_Given data_
==================================================

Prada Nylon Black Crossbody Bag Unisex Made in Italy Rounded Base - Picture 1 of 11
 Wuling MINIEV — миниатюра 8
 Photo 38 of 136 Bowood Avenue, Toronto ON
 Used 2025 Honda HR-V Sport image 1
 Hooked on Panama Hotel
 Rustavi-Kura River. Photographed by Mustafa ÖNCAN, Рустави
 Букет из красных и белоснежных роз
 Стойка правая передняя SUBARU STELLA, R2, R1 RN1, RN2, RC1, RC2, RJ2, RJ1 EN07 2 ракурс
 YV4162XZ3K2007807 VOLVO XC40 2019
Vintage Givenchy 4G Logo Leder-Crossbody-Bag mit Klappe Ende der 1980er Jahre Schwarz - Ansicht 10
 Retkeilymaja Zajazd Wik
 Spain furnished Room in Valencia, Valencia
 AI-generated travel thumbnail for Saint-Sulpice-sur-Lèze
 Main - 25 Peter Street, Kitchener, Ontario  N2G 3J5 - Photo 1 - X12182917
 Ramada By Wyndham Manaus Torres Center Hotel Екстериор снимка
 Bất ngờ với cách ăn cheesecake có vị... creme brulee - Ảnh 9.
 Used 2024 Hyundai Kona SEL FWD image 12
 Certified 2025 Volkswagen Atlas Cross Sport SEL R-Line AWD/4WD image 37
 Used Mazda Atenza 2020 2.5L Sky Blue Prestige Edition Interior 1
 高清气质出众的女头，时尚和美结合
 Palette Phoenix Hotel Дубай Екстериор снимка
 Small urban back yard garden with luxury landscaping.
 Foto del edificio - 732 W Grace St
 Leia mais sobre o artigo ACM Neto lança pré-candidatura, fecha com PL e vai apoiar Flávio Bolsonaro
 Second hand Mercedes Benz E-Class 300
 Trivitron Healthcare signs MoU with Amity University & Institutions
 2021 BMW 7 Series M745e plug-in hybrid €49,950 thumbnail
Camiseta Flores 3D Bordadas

==================================================

_Exercise objective_
Print the material above verbatim, first line through the line containing "Certified 2025 Volkswagen", both included.

_Answer below_
Prada Nylon Black Crossbody Bag Unisex Made in Italy Rounded Base - Picture 1 of 11
 Wuling MINIEV — миниатюра 8
 Photo 38 of 136 Bowood Avenue, Toronto ON
 Used 2025 Honda HR-V Sport image 1
 Hooked on Panama Hotel
 Rustavi-Kura River. Photographed by Mustafa ÖNCAN, Рустави
 Букет из красных и белоснежных роз
 Стойка правая передняя SUBARU STELLA, R2, R1 RN1, RN2, RC1, RC2, RJ2, RJ1 EN07 2 ракурс
 YV4162XZ3K2007807 VOLVO XC40 2019
Vintage Givenchy 4G Logo Leder-Crossbody-Bag mit Klappe Ende der 1980er Jahre Schwarz - Ansicht 10
 Retkeilymaja Zajazd Wik
 Spain furnished Room in Valencia, Valencia
 AI-generated travel thumbnail for Saint-Sulpice-sur-Lèze
 Main - 25 Peter Street, Kitchener, Ontario  N2G 3J5 - Photo 1 - X12182917
 Ramada By Wyndham Manaus Torres Center Hotel Екстериор снимка
 Bất ngờ với cách ăn cheesecake có vị... creme brulee - Ảnh 9.
 Used 2024 Hyundai Kona SEL FWD image 12
 Certified 2025 Volkswagen Atlas Cross Sport SEL R-Line AWD/4WD image 37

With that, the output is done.